This is the pytorch implementation of our paper Bilateral Propagation Network for Depth Completion.
You can directly build the environment by running the following command if you use conda as the environment management tool.
conda env create -f environment.yml
Then you should have an env named bp.
Compile the C++ and CUDA code:
cd exts
python setup.py install
We train and evaluate on KITTI and NYUV2 dataset.
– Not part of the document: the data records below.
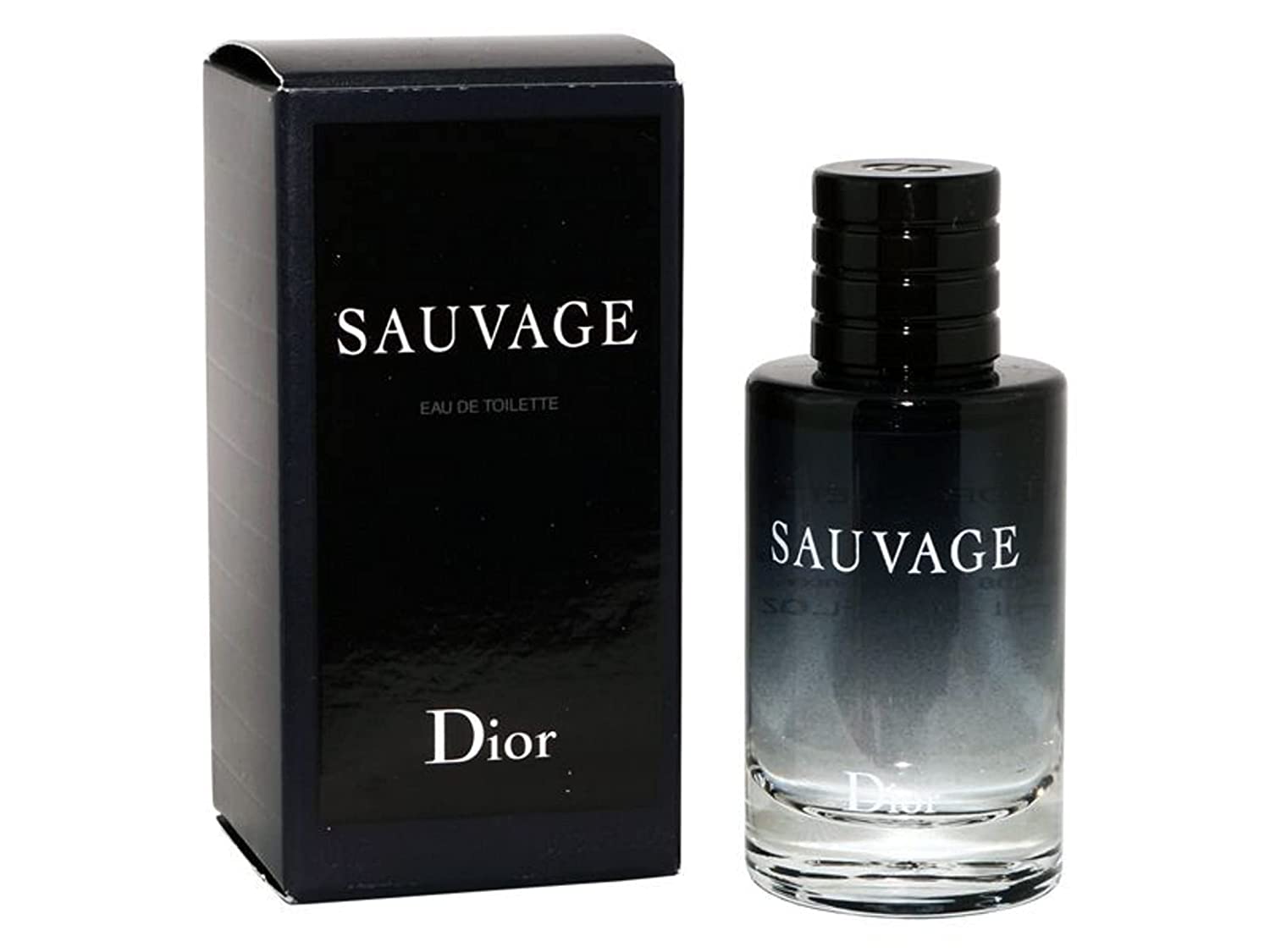 Sauvage Eau de Parfum Spray by Dior. Best 15 Valentine's Day Gift Ideas for Husband - 20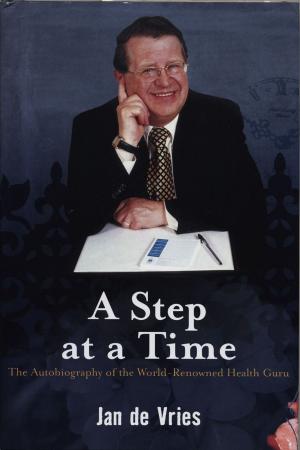 Cover of the book A Step at a Time by Jan de Vries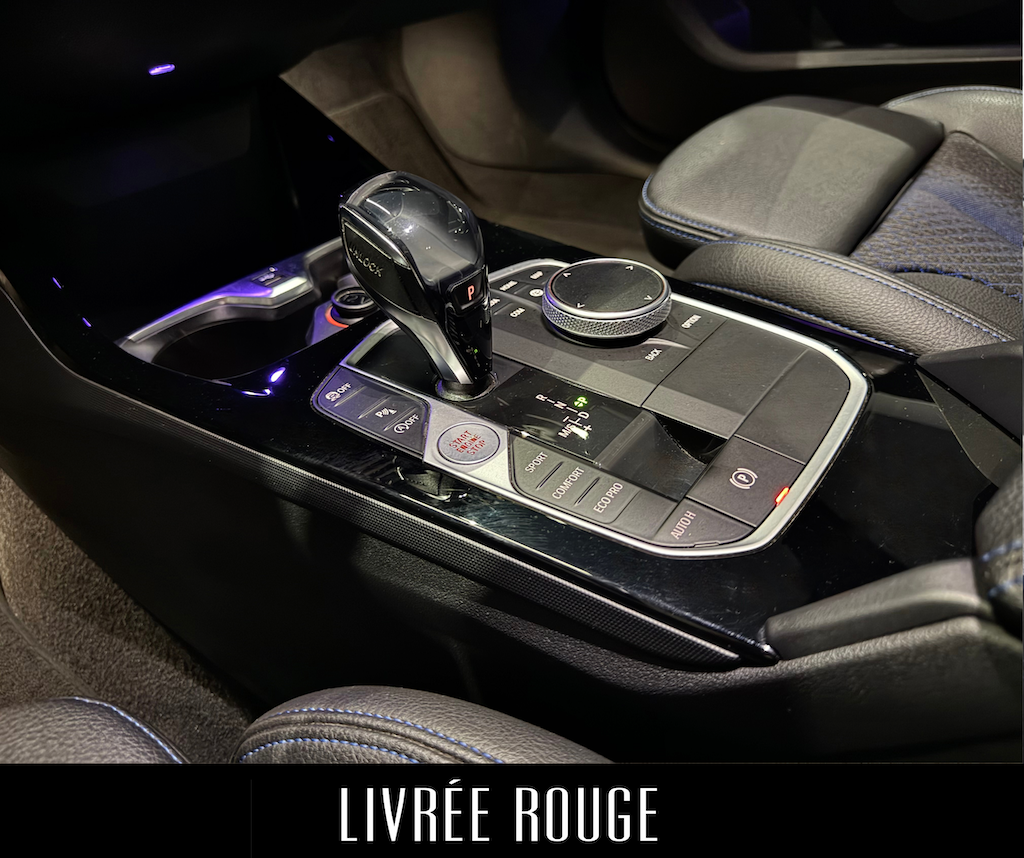 BMW 118 Serie 1 F40 118d Msport auto - immagine 20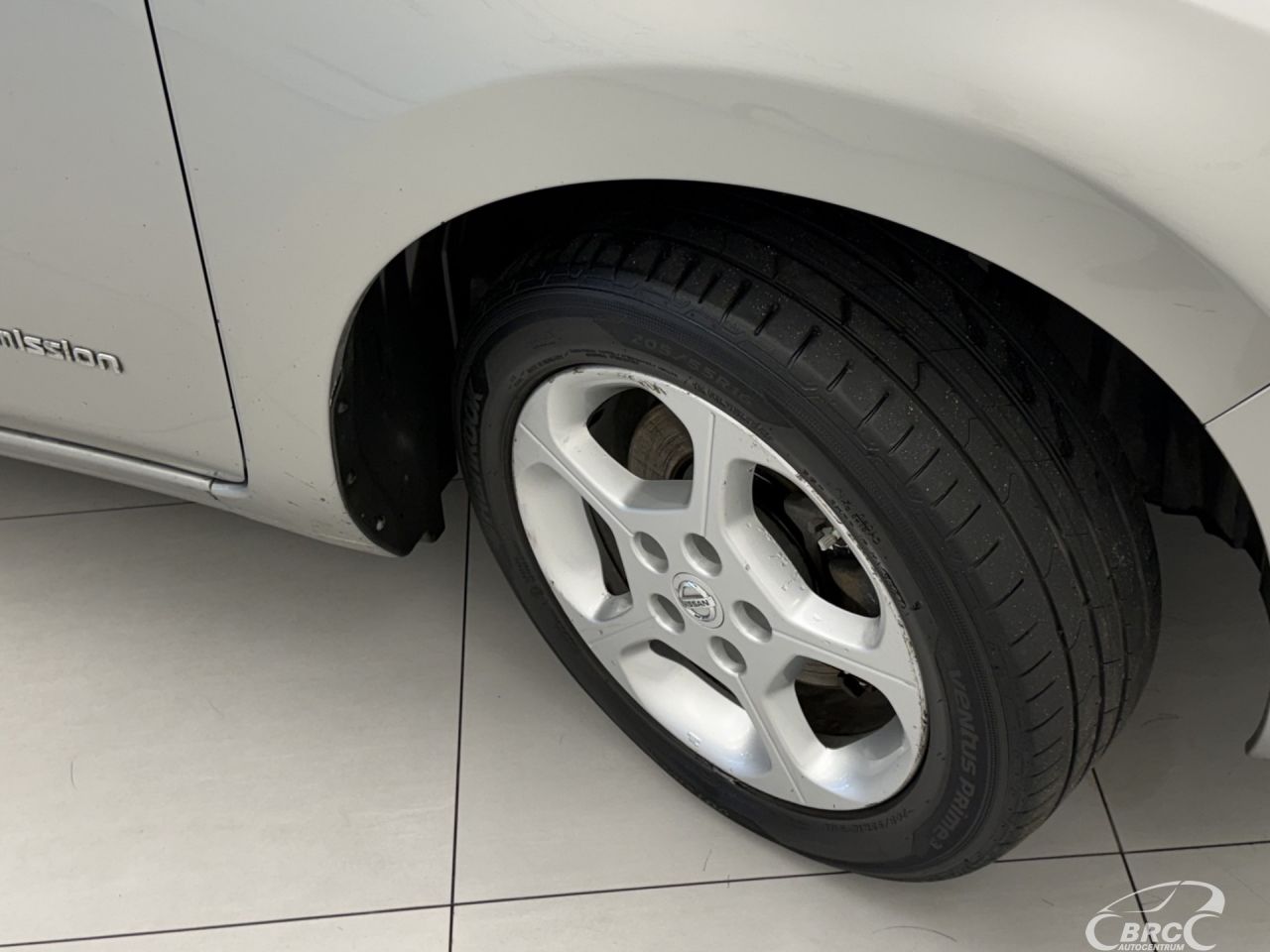 Nissan Leaf | 36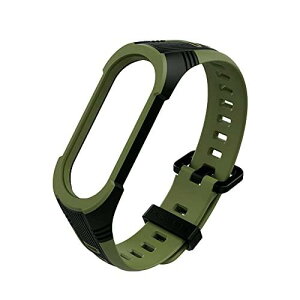 [Emoin] Rp`u miband6 oh miband5 oh mi band 6 mi band 5 VI~ X}[goh Xiaomi mi Band 6/5 ւoh p ʋC VR _ 2FXgbv (O[{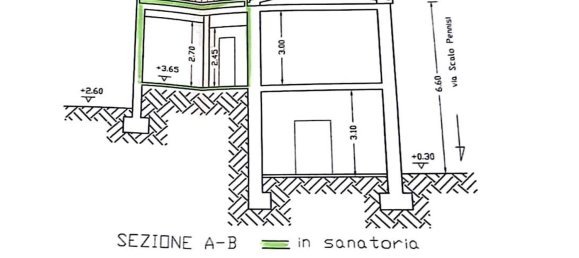 6-salle Villa à Acireale, Italy No. 136525 23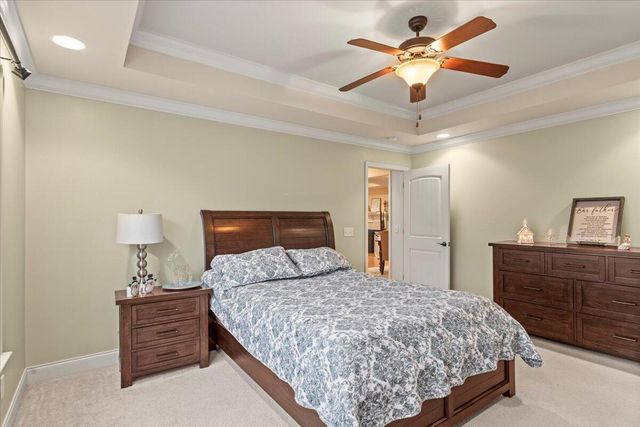 100 Deer Ridge Lane, Rock Spring, GA 30739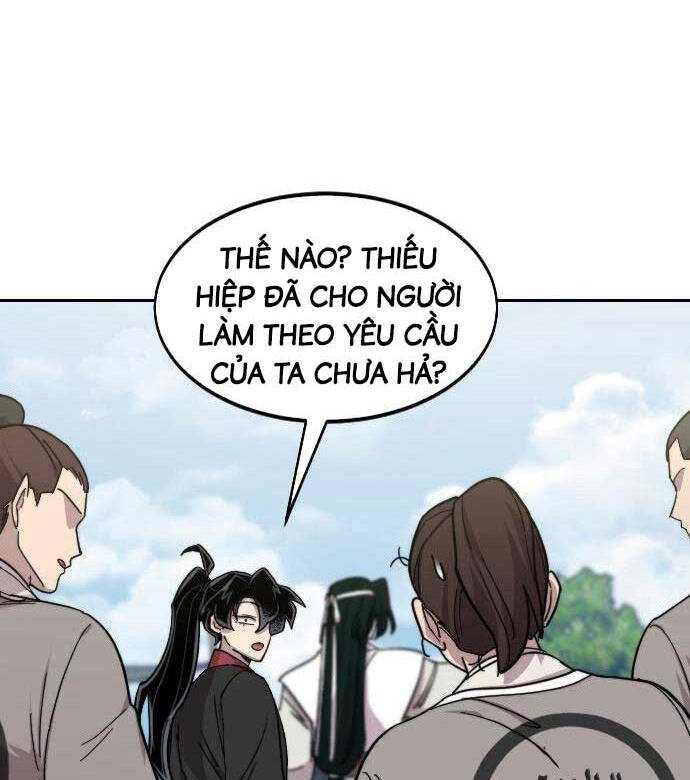 Hoa Sơn Tái Xuất | Hoa Sơn Tái Khởi: Chapter 78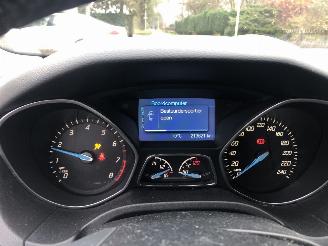 Ford Focus Focus Wagon 1.0 EcoBoost Trend picture 15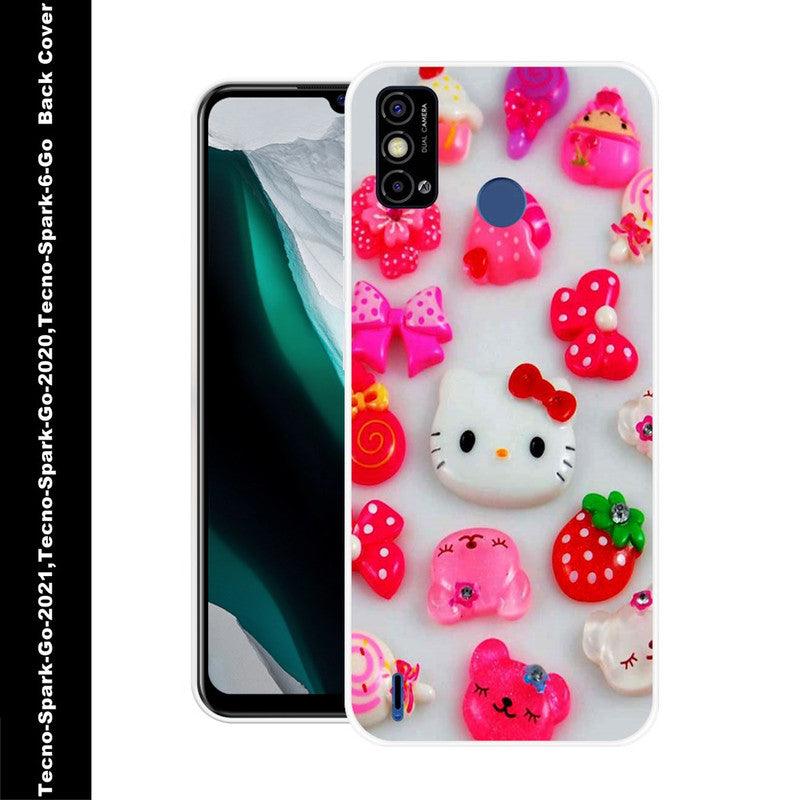 Phone Tecno 2021 Back Cover Buy Back Cover Tecno Spark Go 2020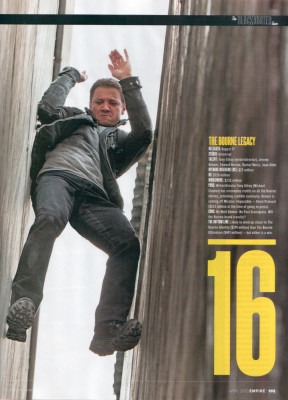 Jeremy Renner pic #476187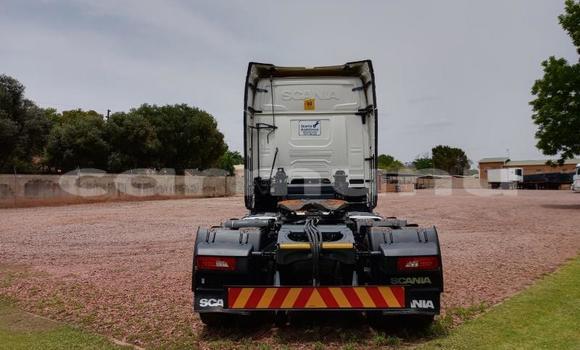 Acheter Occasion Utilitaire Scania R420 Autre à Import - Dubai, Région de la Bouenza Acheter Occasion Utilitaire Scania R420 Autre à Import - Dubai, Région de la Bouenza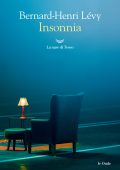 Bernard-Henri Lévy - Insonnia (2025)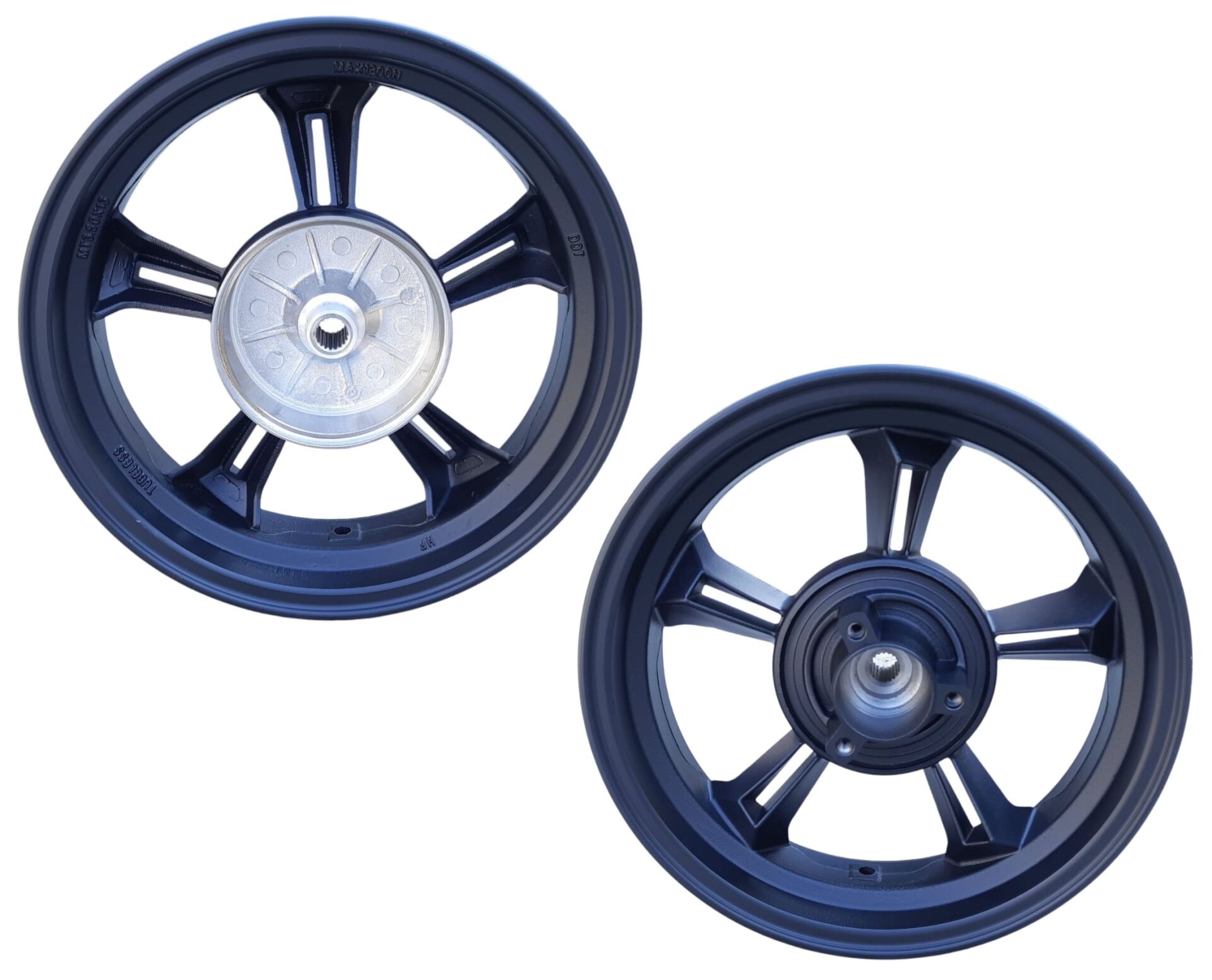 RKS NEWLİGHT ARKA JANT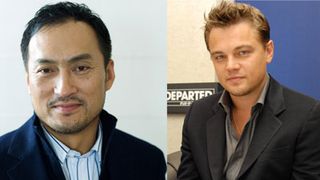 渡辺謙、ディカプリオ主演の映画に出演決定！『バットマン ビギンズ』ノーランが監督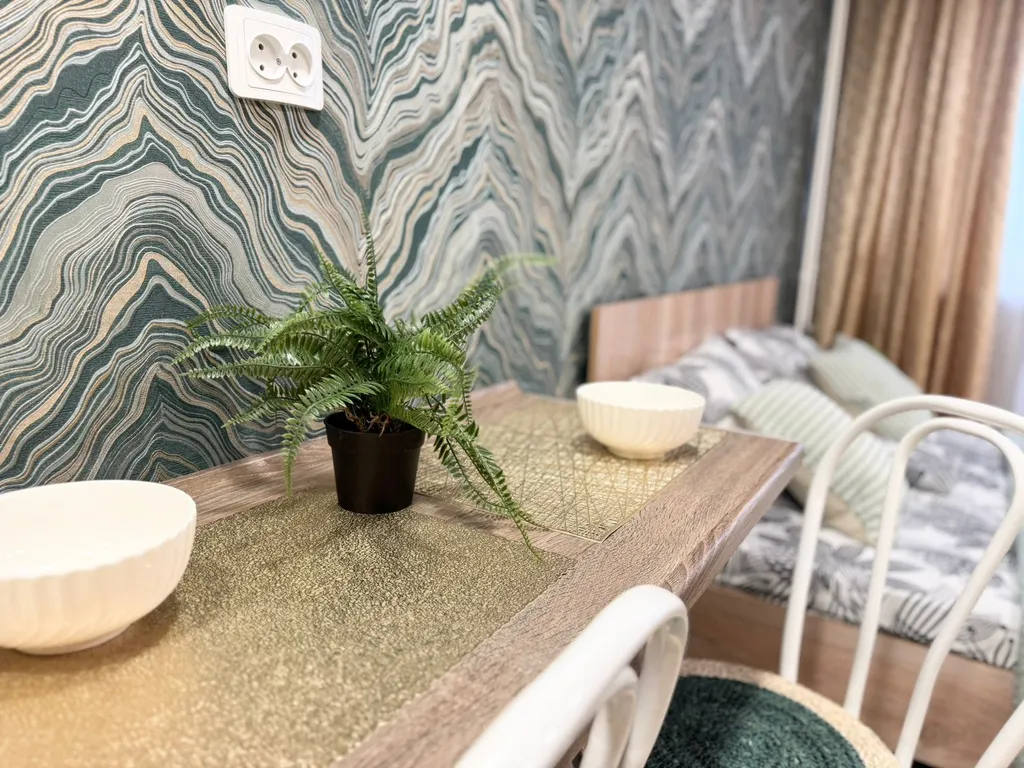 Уютная квартира в центре города Барнаула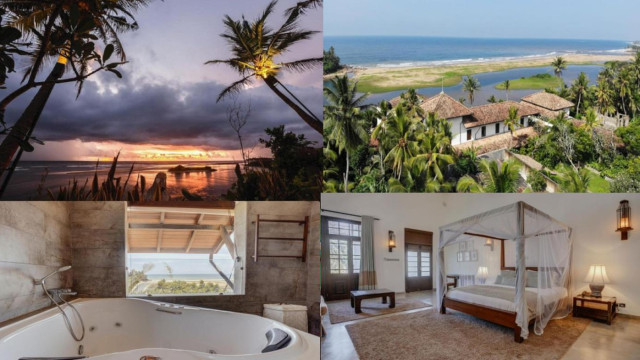 ОТ КОЧИНА ДО: 5000 евро за нощувка в новата вила на „Ергенът“ (Много снимки отвътре само тук)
Please download KITTI depth completion dataset. The structure of data directory:
└── datas
└── kitti
├── data_depth_annotated
│ ├── train
│ └── val
├── data_depth_velodyne
│ ├── train
│ └── val
├── raw
│ ├── 2011_09_26
│ ├── 2011_09_28
│ ├── 2011_09_29
│ ├── 2011_09_30
│ └── 2011_10_03
├── test_depth_completion_anonymous
│ ├── image
│ ├── intrinsics
│ └── velodyne_raw
└── val_selection_cropped
├── groundtruth_depth
├── image
├── intrinsics
└── velodyne_raw
We used preprocessed NYUv2 HDF5 dataset provided by Fangchang Ma. Note, the original full NYUv2 dataset is available at the official website.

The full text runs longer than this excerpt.